Yasujiro Ozu’s Kaze no naka no mendori—in the States, A Hen in the Wind—and Kenji Mizoguchi’s Yoru no onnatachi might be considered film sisters; both are from 1948, both address Japan’s postwar socioeconomic devastation, one in Tokyo, the other in Osaka, as reflected in the protagonist’s dip or slip into prostitution, and both (brilliantly) star Kinuyo Tanaka, who was named best actress at Mainichi Film Concours for both performances.
Mizoguchi’s gut-wrenching film, drawn from a novel by Eijirô Hisaita, interweaves the fates of three girls or women, two of them sisters, all who become prostitutes. Tanaka plays Fusako Owada, who loses both husband and son to illness (I presume to divert censorship from U.S. occupiers); her experience and that of the other two include rape, gang beatings, syphilis, and a newborn’s death. Unlike other films by Mizoguchi, this one bears the influence of Italian neorealism.
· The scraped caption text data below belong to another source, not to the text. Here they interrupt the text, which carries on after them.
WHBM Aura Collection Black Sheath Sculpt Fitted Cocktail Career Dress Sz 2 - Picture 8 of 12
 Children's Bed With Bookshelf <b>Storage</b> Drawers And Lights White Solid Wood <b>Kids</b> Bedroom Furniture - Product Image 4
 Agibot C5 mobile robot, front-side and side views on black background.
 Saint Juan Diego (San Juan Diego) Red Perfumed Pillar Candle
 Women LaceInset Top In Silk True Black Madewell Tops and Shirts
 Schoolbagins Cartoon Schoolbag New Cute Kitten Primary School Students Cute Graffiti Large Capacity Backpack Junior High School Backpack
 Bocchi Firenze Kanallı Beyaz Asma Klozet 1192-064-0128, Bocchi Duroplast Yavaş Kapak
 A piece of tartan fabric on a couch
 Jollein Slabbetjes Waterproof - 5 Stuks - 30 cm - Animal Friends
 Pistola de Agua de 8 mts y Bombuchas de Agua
The film is stark, brutal. At the last, a swarm of sister prostitutes descend like Furies upon Fusako, assaulting her with slaps and belt amidst war’s rubble at night, when she decides to risk leaving their shared life behind. The situation is ironic; it is doubtful, despite her aspirations, that she will be able to survive once she has gone “straight.” But the other prostitutes are moved to bash her for even offering them the affront of trying to do so when they remain mired in such hopelessness. It is a betrayal; their solidarity is the only shield they possess against the terribleness of their lives. The imagery compounds the irony; in the background is a stained-glass depiction of the Virgin Mary and her infant Jesus. Belonging to a bombed-out church, it suggests that Buddhist Japan no longer felt it could call its soul its own.